On sait que les forces de sécurité israéliennes interpellent et arrêtent régulièrement des personnes soupçonnées d’avoir des projets d’attaque contre Israël. Et que les colonies n’ont jamais cessé de sortir de terre.

Depuis plus de soixante-dix ans, chaque génération de Palestiniens et d’Israéliens revit la même chose : lutter pour l’existence de son pays. Les rides et les dos voûtés des uns et des autres racontent la même histoire : des guerres, des morts, des attentats, des représailles, des roquettes et des arrestations.
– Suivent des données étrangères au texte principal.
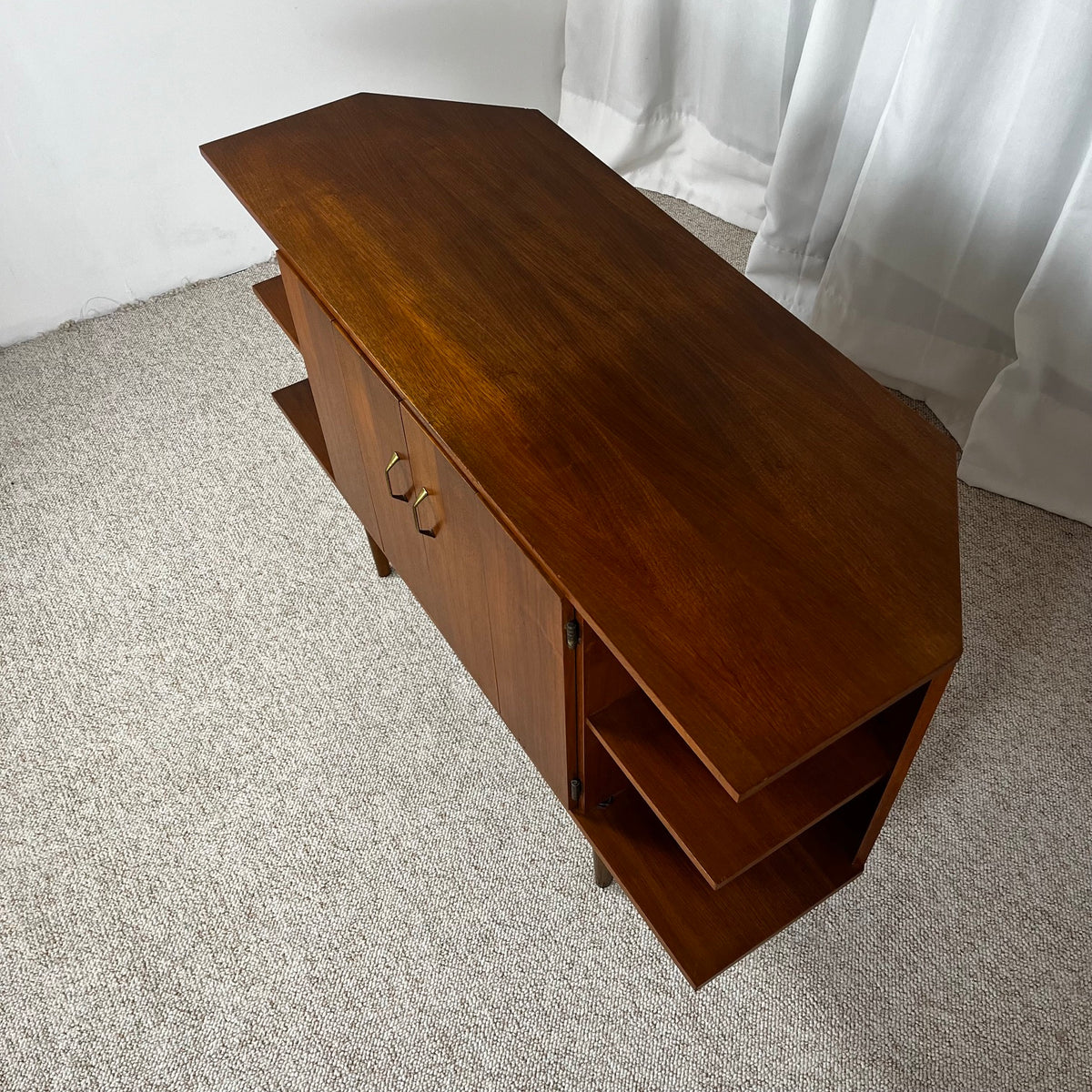 Buffet bas en placage teck, 1960/70, Midcentury modern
Les Palestiniens et les Israéliens de 2023, ceux de la génération Z, qui ont autour de 20 ans, reprennent la lutte là où leurs parents et leurs grands-parents l’avaient laissée. La différence est qu’aujourd’hui les colonies n’ont jamais été aussi nombreuses, que des pays arabes font du business avec Israël et que ceux prêts à se mouiller pour défendre la cause palestinienne sont de plus en plus rares.

Les Palestiniens n’ont pas d’autre alliée que la compassion qu’on veut bien leur accorder, ce qui, en langage diplomatique, ne pèse pas bien lourd.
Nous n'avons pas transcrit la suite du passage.